The email from Amazon had an irresistible subject line: Audible for Dogs.
Yup, that’s right. The online purveyor of audio entertainment now has talking books for your pets? Well, dogs, at least.
I was going to file it under “Signs you’ve anthropomorphized your pet a bit too much,” but you have to admit it sounds fun. I mean, what sort of books might a dog want to hear? After all, Audible has books in every category. What if they had:
• Mystery: In this new thriller, “Who’s a Good Dog,” we follow K-9 police dog Rex and his pug-partner Stout as they seek to solve the mystery of their owner’s disappearance. No, wait, he’s back. Oh, great! Hooray! This is awesome. It contains 35 chapters, all of which are the same.
• Self-help: “I Know the Butt, but I Can’t Remember the Name.” Strategies for networking and team-building.
• Cooking: “Barf: The High-Value Leftover.”
• Religion: “Every First Wednesday: Meditations and lessons from the great Sky-Dog who howls once a month at 1 a.m.”
But no, that wouldn’t make sense.
Dogs wouldn’t understand any of that. Perhaps the books are just series of ultrasonic tones only dogs can hear?
You’d have to be very trusting to buy an audiobook that consists of 12 hours of nothing, hoping that your dog was hearing something.
If there’s an analogue for a novel for a dog, it would be something that had all the smells of the backyard. The cast of characters is more diverse and numerous than you can possibly imagine. It’s a novel and a symphony and a movie and a dance and a sporting event. Figure out how to distill those smells into something you can pop in a diffuser. Now, that would be the dog version of an audiobook.
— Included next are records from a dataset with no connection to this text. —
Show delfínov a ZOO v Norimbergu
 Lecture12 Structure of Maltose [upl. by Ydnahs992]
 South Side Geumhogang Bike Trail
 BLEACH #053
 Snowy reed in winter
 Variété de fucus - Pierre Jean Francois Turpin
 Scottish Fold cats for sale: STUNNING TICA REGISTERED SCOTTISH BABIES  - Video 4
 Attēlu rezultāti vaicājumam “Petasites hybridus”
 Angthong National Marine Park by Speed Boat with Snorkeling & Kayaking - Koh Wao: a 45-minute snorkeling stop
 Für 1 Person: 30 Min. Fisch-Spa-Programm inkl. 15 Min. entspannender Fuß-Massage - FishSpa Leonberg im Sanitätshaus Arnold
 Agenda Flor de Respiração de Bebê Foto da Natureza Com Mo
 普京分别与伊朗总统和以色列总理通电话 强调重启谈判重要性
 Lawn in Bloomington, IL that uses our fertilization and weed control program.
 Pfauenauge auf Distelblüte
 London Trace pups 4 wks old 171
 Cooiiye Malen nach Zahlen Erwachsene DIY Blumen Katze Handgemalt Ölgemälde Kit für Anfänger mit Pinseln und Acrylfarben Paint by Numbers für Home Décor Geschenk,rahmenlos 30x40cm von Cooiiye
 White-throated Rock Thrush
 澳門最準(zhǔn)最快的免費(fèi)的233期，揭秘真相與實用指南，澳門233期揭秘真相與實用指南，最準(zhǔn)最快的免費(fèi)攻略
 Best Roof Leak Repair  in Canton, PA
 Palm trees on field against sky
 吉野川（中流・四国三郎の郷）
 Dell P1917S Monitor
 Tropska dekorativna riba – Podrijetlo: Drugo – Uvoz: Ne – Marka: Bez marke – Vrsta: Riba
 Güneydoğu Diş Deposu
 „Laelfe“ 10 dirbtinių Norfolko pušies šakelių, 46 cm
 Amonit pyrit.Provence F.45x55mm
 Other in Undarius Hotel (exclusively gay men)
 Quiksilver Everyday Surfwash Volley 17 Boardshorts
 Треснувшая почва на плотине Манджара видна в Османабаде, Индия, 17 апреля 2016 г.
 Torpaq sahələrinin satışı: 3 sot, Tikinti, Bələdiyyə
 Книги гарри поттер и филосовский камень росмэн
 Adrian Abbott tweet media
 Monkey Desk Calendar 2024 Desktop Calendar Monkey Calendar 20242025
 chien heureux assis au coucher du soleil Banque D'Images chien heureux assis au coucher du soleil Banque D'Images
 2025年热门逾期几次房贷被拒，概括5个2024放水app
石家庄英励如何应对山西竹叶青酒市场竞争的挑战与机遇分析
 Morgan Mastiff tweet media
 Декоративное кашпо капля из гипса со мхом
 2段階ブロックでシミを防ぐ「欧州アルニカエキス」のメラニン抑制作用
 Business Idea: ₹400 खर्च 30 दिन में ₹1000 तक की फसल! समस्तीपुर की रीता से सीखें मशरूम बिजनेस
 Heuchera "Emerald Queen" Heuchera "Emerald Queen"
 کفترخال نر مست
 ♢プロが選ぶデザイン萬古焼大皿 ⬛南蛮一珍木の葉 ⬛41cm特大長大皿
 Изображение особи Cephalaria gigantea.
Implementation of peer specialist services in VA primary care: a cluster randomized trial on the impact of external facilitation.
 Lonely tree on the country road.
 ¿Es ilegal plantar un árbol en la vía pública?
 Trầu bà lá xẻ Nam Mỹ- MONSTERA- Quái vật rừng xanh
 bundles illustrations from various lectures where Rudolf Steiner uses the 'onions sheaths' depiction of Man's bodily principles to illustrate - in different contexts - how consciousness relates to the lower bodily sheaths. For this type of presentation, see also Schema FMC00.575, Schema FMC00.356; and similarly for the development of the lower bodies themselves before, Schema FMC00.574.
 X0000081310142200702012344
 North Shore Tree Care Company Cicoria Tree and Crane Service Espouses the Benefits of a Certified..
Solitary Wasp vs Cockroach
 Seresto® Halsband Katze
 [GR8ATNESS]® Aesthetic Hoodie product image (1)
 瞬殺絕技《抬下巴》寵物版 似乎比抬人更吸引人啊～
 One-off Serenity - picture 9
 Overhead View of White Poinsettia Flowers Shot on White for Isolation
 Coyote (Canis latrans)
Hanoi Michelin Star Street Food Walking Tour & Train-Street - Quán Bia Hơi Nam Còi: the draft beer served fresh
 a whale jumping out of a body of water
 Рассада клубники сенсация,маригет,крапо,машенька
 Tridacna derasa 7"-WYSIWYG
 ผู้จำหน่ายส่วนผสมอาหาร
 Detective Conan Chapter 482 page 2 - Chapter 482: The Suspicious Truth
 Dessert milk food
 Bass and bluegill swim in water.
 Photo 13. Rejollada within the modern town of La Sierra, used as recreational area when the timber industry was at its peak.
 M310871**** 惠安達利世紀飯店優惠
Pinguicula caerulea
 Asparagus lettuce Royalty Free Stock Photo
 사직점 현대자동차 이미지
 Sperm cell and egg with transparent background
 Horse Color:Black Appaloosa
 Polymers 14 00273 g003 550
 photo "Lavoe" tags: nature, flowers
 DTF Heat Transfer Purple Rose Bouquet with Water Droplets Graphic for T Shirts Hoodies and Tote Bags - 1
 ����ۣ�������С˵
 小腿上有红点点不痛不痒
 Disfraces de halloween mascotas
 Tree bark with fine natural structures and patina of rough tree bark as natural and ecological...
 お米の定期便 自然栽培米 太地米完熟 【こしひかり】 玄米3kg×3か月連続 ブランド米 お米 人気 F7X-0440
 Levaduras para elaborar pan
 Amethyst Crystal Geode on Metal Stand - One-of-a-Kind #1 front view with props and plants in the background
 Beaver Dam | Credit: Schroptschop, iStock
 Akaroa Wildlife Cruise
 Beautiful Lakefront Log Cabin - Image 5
OK, so I checked out audiobooks for dogs and they’re … just audiobooks.
Cesar Millan (aka the Dog Whisperer) has a free audiobook available on Amazon, aptly named “Cesar Millan’s Guide to Audiobooks for Dogs.” It tells you how to choose a book for your dog to listen to while you’re away, with details on how to choose the right narrator, depending on which gender and vocal timbre your dog prefers.
So, what the heck? I gave it a whirl.
I put Millan’s audiobook on the Echo and left the house, but I watched the dog through the security camera.
He slept through the whole thing.
Then he woke with a jerk and began barking like mad. It was straight out of a hardboiled novel by James M. Cain.
The UPS man had rung twice.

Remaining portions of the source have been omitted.